Daar zat hij dan. Onder een dikke laag stof, onder het spinrag, als een oud standbeeld. Ooit was hij naar de zolder gevlucht, na een knetterende ruzie, en was zij de straat op gerend. Daarna was ze in haar eentje weer naar huis gegaan. En toen was ze hem eigenlijk een beetje vergeten, dat hij daar op zolder zat, ook al dacht ze voortdurend aan hem.
Het is verwarrend en ontroerend, het korte verhaal ‘Vergeten’ uit de verhalenbundel Wachten op de angst van de Turkse schrijver Oguz Atay (1934-1977). De hoofdpersoon, een vrouw wier identiteit verder niet bekend is, treft op zolder haar voormalige geliefde aan, die daar al jaren zit, met een pistool in de hand en een gat in het hoofd waar kakkerlakken uit kruipen. Het lijkt vooral een absurdistisch verhaal, beeldend en geschreven vanuit wisselende perspectieven, schakelend tussen heden en verleden, maar er schuilt wel degelijk een emotionele lading onder. Dat blijkt wanneer de hoofdpersoon stelt: ‘Ik wist niet dat hij zo dicht bij me in de buurt was, maar ik had tegen hem gezegd dat ik alleen kon leven als hij er was. Je kunt zijn zoals je wilt, dat maakt me niet uit, te weten dat je er bent is voor mij genoeg, dat is wat ik tegen hem gezegd had.’
Het zijn zinnen die je op verschillende manieren kunt lezen. De zelfmoord van de ex-geliefde kan worden opgevat als een wanhopige daad omdat de liefde niet meer werkte. Of juist beschouwd worden als de mooiste liefdesdaad ooit: voor altijd dichtbij blijven, op een manier die niet meer voor onmin en ruzie zorgt.
Tegelijkertijd is ook dit idee weer ongrijpbaar: want hoe kan het dat je simpelweg vergeet dat je geliefde daar zit, alleen op zolder, tussen de spinnenwebben? Het is een raadselachtig verhaal en dat geldt ook voor de andere zeven verhalen die nu – de bundel kwam in Turkije uit in 1975 – door Hanneke van der Heijden met zwier in het Nederlands zijn vertaald.
Net als in het eerste verhaal, dat gaat over een zwerver die door Istanbul struint in een witte damesjas en als etalagepop in een winkel terechtkomt, en het titelverhaal ‘Wachten op de angst’, waarin een man een (vermoedelijke) dreigbrief van een sekte ontvangt in een onbekende taal en daardoor in een existentiële crisis belandt, worden de hoofdpersonages gekweld door angst en zelftwijfel. Het zijn verloren zielen, op zoek naar houvast, in een samenleving waar het onderlinge verband zoek is geraakt.
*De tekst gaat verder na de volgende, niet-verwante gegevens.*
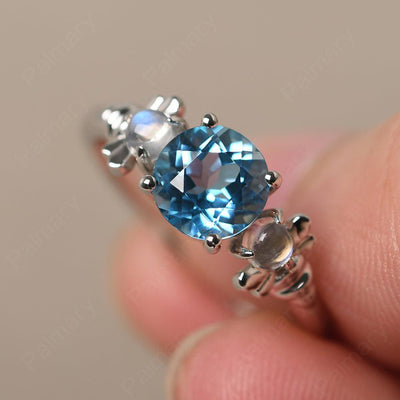 Three Stone Swiss Blue Topaz Mother Ring - Palmary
Of, zoals de hoofdpersoon in het titelverhaal stelt: ‘Ik begon kwaad te worden op mijn land en op de mensen die er woonden: niemand las ook fatsoenlijk. Ze kregen het niet eens voor elkaar om fatsoenlijk te voelen. Daardoor kon je ook niet vertrouwen op de cultuur van de mensen die het over dingen hadden die ze voelden.’
Politieke lading
Deze vervreemding heeft ook een politieke lading, stelt vertaalster Van der Heijden in het nawoord. Atay, die in Turkije wordt beschouwd als een van de grondleggers van de postmoderne fictie en als een inspiratiebron voor onder anderen Orhan Pamuk, richtte zich in zijn debuutroman Tutunamayanlar (1972) – in 2011 in het Nederlands verschenen onder de titel Het leven in stukken – ook al op de ‘griplozen’: mensen die geen houvast vinden in de samenleving. Een situatie die, aldus van der Heijden, te maken had met de periode waarin Atay opgroeide.
In de tijd dat de schrijver zijn werk publiceerde, bestond de republiek van Turkije al zo’n 45 jaar. De wijze waarop Atatürk een einde had gemaakt aan de Osmaanse erfenis en zijn hervormingsprogramma erdoor drukte – met een nieuwe bestuursvorm, herziening van de positie van de islam, zuivering van het Turks en zelfs kledingvoorschriften – greep diep in op het maatschappelijk bestel en de burgers. Het was een radicale omkering die leidde tot een conflict tussen twee waardenstelsels.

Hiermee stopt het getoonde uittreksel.